Please give the lines below again exactly as they stand, from the one that contains "Нож дисковый МО.24.000" up to and including the one that contains "304 stainless steel", leaving all pictures out.
*** Given data
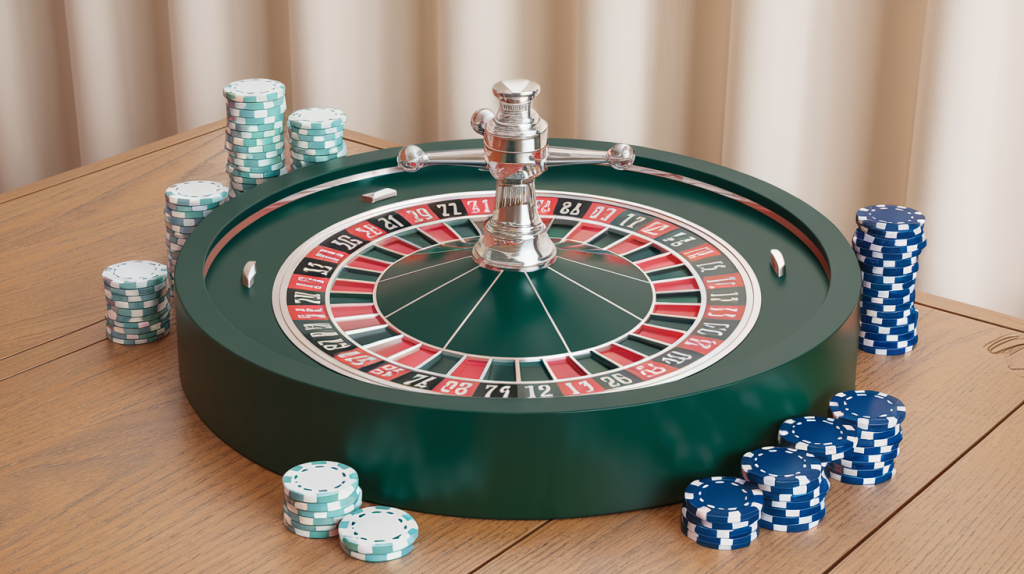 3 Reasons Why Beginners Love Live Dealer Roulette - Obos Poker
******
*** Given data
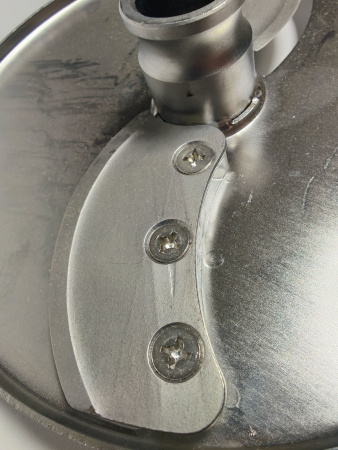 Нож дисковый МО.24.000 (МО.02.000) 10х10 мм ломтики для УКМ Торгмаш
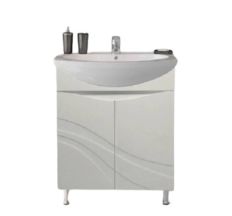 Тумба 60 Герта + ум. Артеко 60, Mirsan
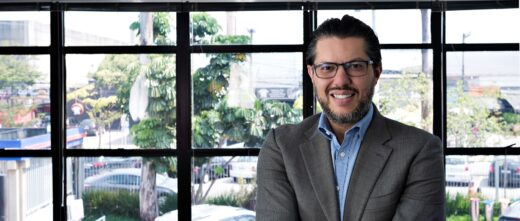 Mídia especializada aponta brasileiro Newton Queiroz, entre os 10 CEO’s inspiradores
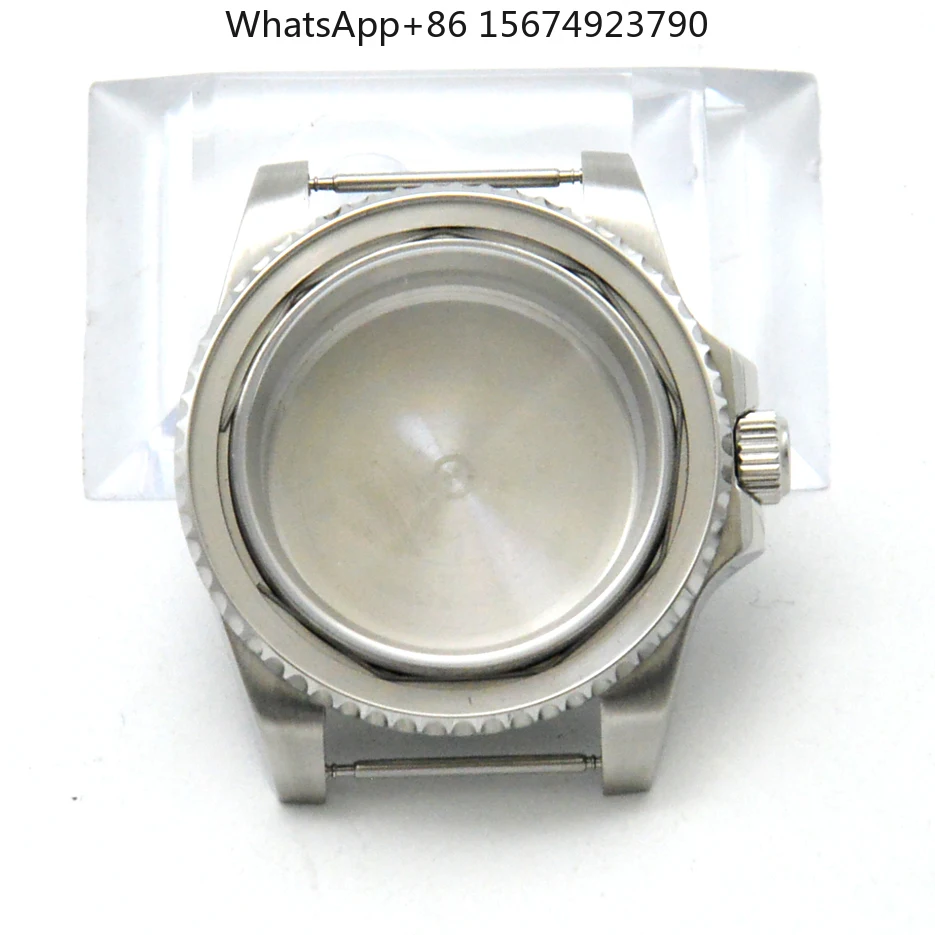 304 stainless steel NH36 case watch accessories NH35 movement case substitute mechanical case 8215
******
**Task output**
 Нож дисковый МО.24.000 (МО.02.000) 10х10 мм ломтики для УКМ Торгмаш
 Тумба 60 Герта + ум. Артеко 60, Mirsan
 Mídia especializada aponta brasileiro Newton Queiroz, entre os 10 CEO’s inspiradores
 304 stainless steel NH36 case watch accessories NH35 movement case substitute mechanical case 8215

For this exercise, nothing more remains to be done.